(Note: This post is not about getting content from environment A to B or from your AEM 6.5 to AEM CS.)
The requirements towards content and component structure evolve over time; the components which you started initially with might not be sufficient anymore. For that reasons the the components will evolve, they need new properties, or components need to be added/removed/merged, and that must be reflected in the content as well. Something which is possible to do manually, but which will take too much work and is too error-prone. Automation for the rescue.
I already came across a few of those “automated content migrations”, and I have found a few patterns which don’t work. But before I start with them, let me briefly cover the one pattern, which works very well.
The working approach
The only working approach is a workflow, which is invoked on small-ish subtrees of your content. It skips silently over content which does not need to be migrated, and reports every situation which got migrated. It might even have a dry-run mode, which just reports everything it would change. This approach has a few advantages:
- It will be invoked intentionally on author only, and only operates a single, well-defined subtree of content. It logs all changes it does.
- It does not automatically activate every change it has done, but requires activation as a dedicated second step. This allows to validate the changes and activate it only then.
- If it fails, it can repeatedly get invoked on the same content, and continue from were it has left.
- It’s a workflow, with the guarantees of a workflow. It cannot time out as a request can do, but will complete eventually. You can either log the migration output or store it as dedicated content/node/binary data somewhere. You know when a subtree is migrated and you can prove that it’s completed.
Of course this is not something you can simply do, but it requires some planning in both designing, coding and the execution of the content migration.
Now, let’s face the few things which don’t work.
Non-working approach 1: Changing content on the fly
I have seen page rendering code, which tries to modify the content it is operating on, removing old properties, adding new properties either with default values and other values.
This approach can work, but only if the user has write permissions on the content.

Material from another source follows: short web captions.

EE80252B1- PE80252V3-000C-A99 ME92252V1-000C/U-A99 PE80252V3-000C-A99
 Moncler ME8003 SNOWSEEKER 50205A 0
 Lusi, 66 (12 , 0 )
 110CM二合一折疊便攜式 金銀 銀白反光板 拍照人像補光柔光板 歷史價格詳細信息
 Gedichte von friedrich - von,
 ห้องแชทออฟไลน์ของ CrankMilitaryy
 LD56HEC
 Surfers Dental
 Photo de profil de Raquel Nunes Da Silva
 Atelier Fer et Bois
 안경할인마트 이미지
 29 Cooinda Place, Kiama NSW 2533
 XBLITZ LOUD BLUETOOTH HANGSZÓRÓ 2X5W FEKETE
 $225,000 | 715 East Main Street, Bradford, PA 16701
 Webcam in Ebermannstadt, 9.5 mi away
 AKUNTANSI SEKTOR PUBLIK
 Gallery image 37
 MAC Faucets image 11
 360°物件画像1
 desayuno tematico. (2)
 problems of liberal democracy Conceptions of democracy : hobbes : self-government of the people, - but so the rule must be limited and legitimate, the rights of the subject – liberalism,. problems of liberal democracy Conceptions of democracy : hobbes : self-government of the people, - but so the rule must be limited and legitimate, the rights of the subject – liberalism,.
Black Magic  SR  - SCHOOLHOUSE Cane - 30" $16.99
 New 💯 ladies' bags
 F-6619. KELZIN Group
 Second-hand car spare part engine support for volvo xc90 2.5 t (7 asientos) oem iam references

As this migration happens at the first time the rendering is initiated with write permissions (normally by a regular editor on the authoring system), it will fail in every other situation (e.g on publish if the merging conditions exist there as well). And you will have a non-cool mix of page rendering and content-fixup code in your components.
This is a very optimistic approach, over which you don’t have any control, and for that reason you probably can never remove that fixup code, because you never know if all content has already been changed.
Non-working approach 2: Let’s do it on startup
Admitted, I have seen this only once. But it was a weird thing, because a migration OSGI service was created, which executed the content migration in its activate() method. And we came across it because this activate delayed the entire startup to a situation, which caused our automation to run into a timeout, because we don’t expect a startup of an AEM instance to take 30+ minutes.
Which is also its biggest problem and which makes it unusable: You don’t have any control over this process, it can be problematic in the case of clustered repositories (in AEM CS authoring) and even if the migration has already been completed, the check if there’s something to do can take quite long.
But hey, when you have it already implemented as service, it’s quite easy to migrate it to a workflow and then use the above recommended approach.
Let me know if you have found other cases of working or non-working approaches for content migration; but in my experience it’s always the best way to make this an explicit task, which can be planned, managed and properly executed. Everything else can work sometimes, but definitely with a less predictable outcome.